Therefore, the image conversion process must be carefully designed to preserve the geometric structure and volumetric information of the point cloud as faithfully as possible, while also considering the post-inpainting completion rate. This study proposes a point cloud image representation method based on tripartite classification. The input point cloud is normalized using two different schemes and projected from two distinct viewpoints, resulting in four image generation configurations. Each of these configurations is subsequently evaluated by comparing both the inpainting outcomes and the classification performance of the restored point clouds, with the aim of identifying the most effective transformation method.
3.2.1. 3D Point Cloud to 2D Image Conversion
The image inpainting algorithm employed in this study requires a fixed input resolution of 64 × 64 pixels. This resolution was selected to ensure optimal computational efficiency for real-time USV operations. Accordingly, it is essential to retain as much spatial information as possible within this limited resolution while projecting the 3D point cloud into a 2D image.
To achieve this, the 3D point cloud is orthographically projected onto a 2D plane based on a 64 × 64 grid. For each grid cell, the z-coordinates of the points are mapped to pixel values. However, a single-channel projection often fails to capture the vertical structural information of a vessel. To overcome this, this study proposes a tripartite layer mapping method that divides the point cloud into three horizontal layers along the Z-axis (height) and maps each to the RGB channels of an image. Specifically:
The Lower region (representing the hull) is mapped to the B (Blue) channel.
The Middle region (representing the deck and cabin structures) is mapped to the G (Green) channel.
The Upper region (representing masts and antennas) is mapped to the R (Red) channel.
The z-values in each channel are normalized to a range of 1 to 255. This multi-channel approach allows the generative model to learn and restore the layered geometry of the vessel more effectively, as illustrated in Figure 3. The resulting examples of the generated 2D images are presented in Figure 4.

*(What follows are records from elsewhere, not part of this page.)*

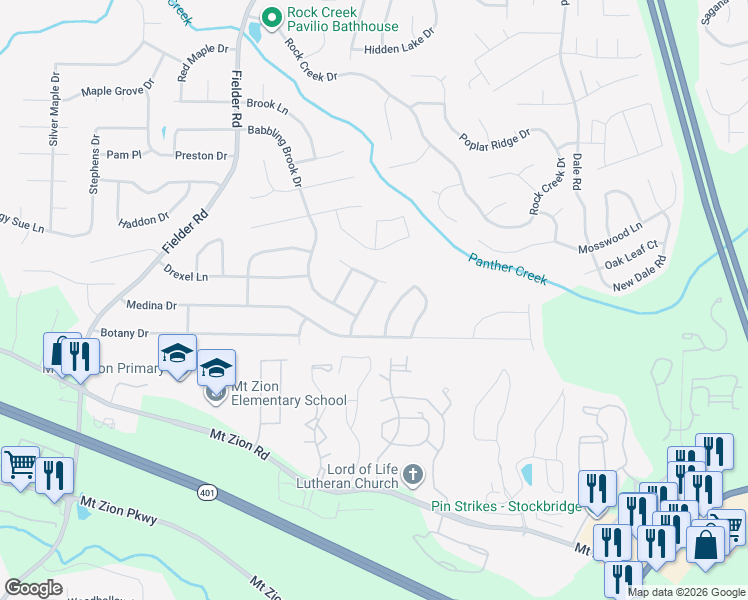 map of restaurants, bars, coffee shops, grocery stores, and more near 7134 Hazelwood Drive in Jonesboro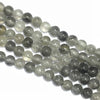 Gray Cloudy Quartz Big Hole Round Beads 10mm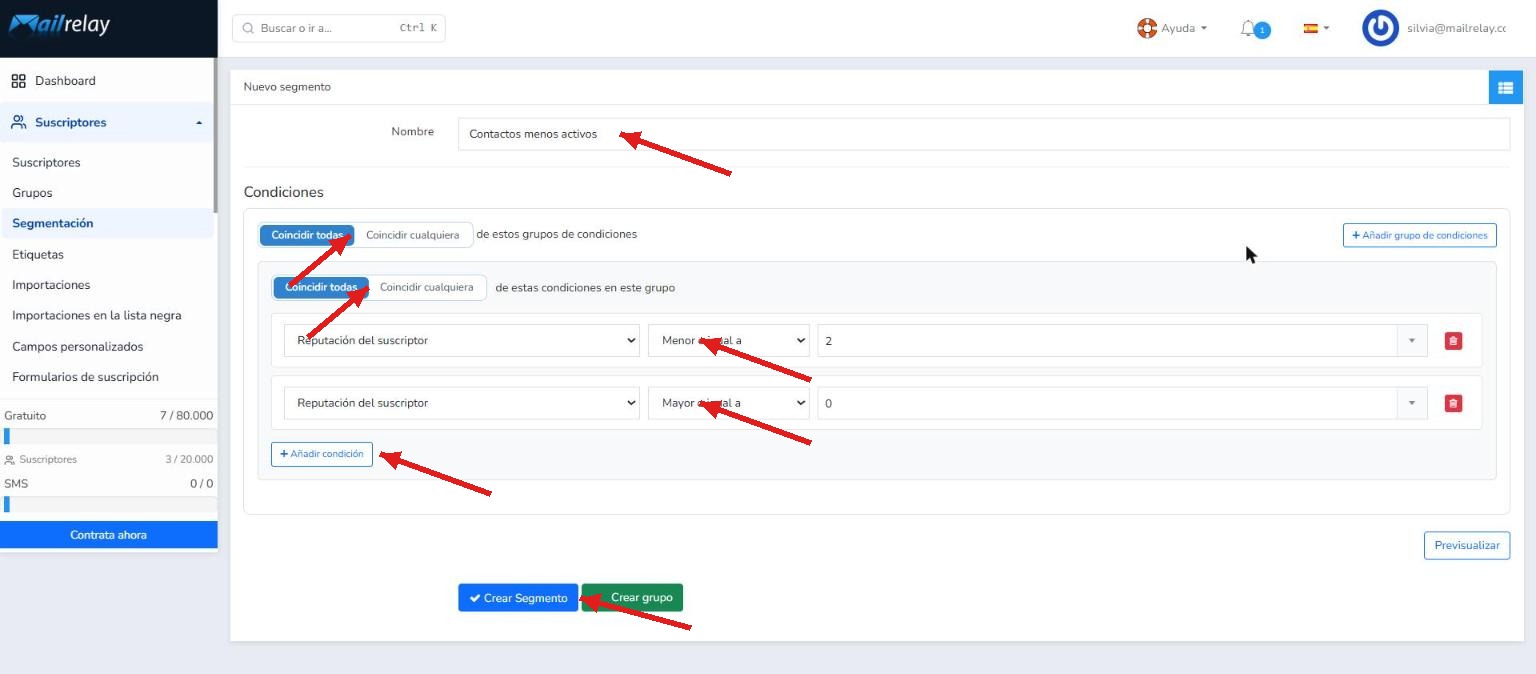Creación del segmento con las condiciones de reputación del suscriptor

3.2.2. Normalization of 3D Point Cloud
In this study, based on the previously proposed image transformation process, the input point cloud is normalized using two different strategies before image generation. These normalization methods affect the point density and depth representation in the converted images and serve as critical factors influencing the inpainting and reconstruction performance.

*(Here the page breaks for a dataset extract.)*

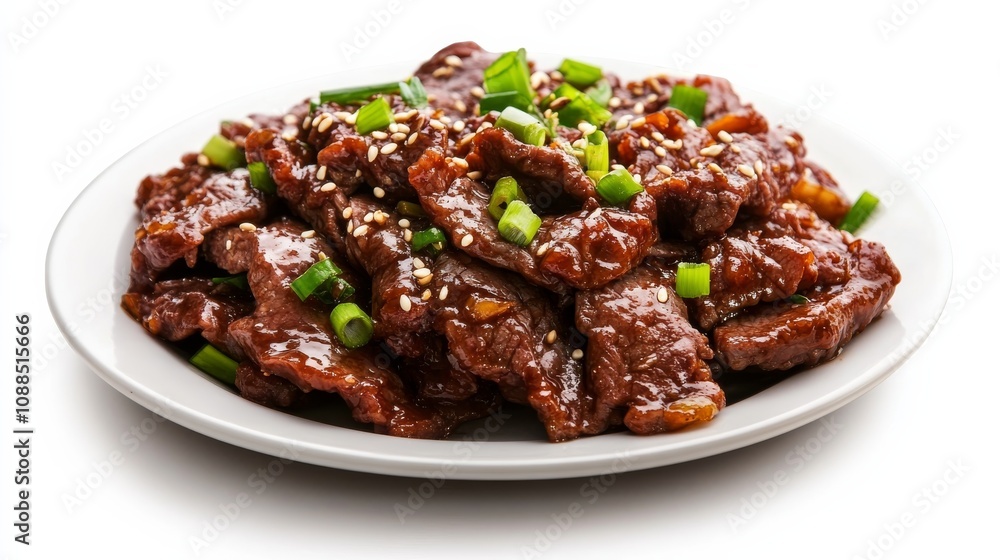 A plate of spicy Korean BBQ beef bulgogi with marinated beef, sesame seeds, and green onions A plate of spicy Korean BBQ beef bulgogi with marinated beef, sesame seeds, and green onions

The first approach is global normalization, where the x, y and z values of the input point cloud are individually normalized to maintain a 1:1:1 ratio. This results in a uniformly scaled point cloud that preserves the overall shape without distortion, making it advantageous for retaining structural information in the generated image. However, because this method uses a wide spatial range when projecting the point cloud into a 2D image, the resulting point density can be low, which increases the potential for noise generation during the inpainting process.

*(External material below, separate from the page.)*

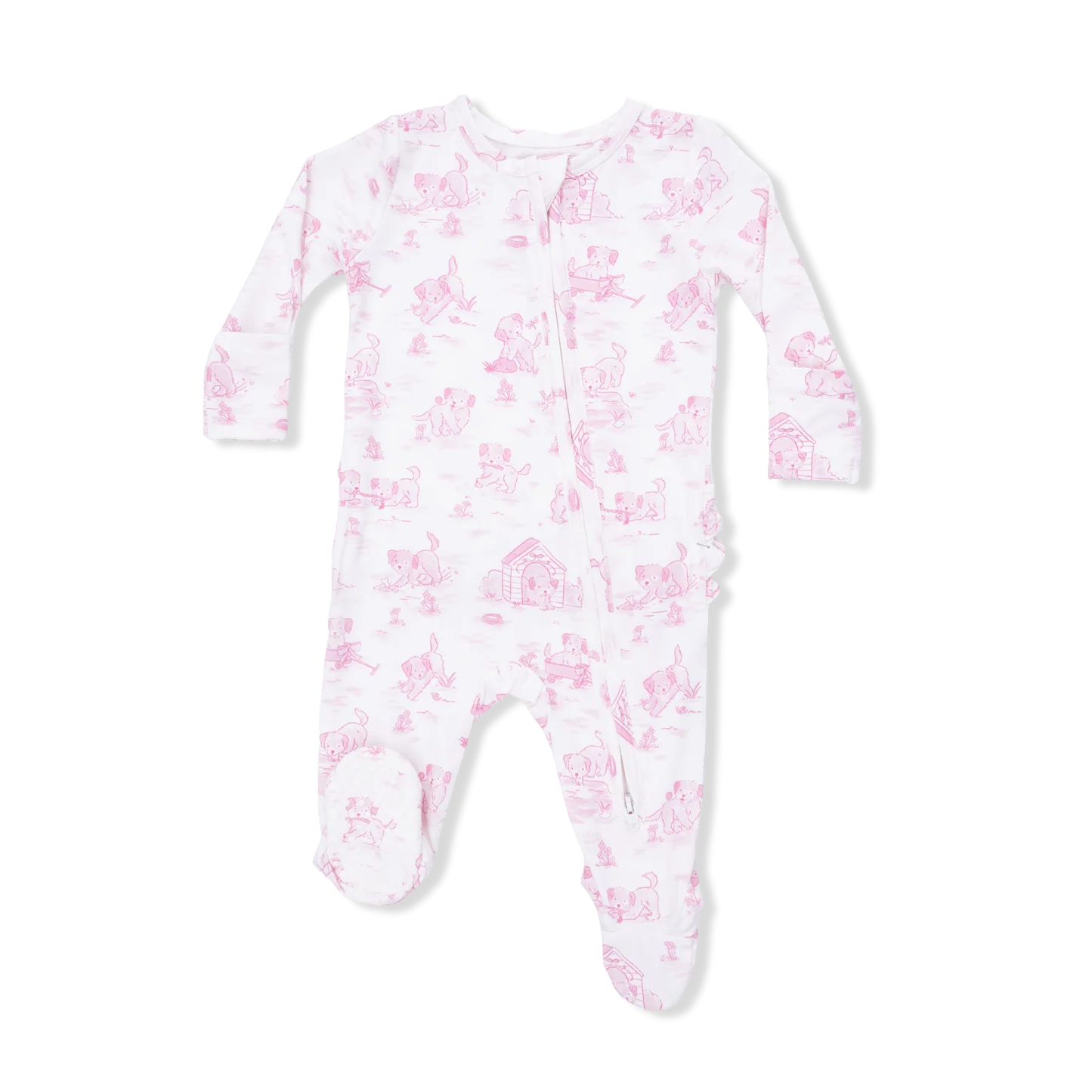 Puppy Toile Pink-2 Way Ruffle Back Zipper Footie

The second approach is Z-axis normalization, which normalizes only the z-axis values of the input point cloud to fit within a 0~1 range, while preserving the original scale of the x and y axes. This technique enables the transformed image to maintain a visually faithful representation of the original shape and evenly encodes depth (volume) information across the RGB color channels. However, since only the z-axis is scaled, the overall image size becomes smaller, resulting in fewer points after reconstruction and ultimately leading to a lower completion rate.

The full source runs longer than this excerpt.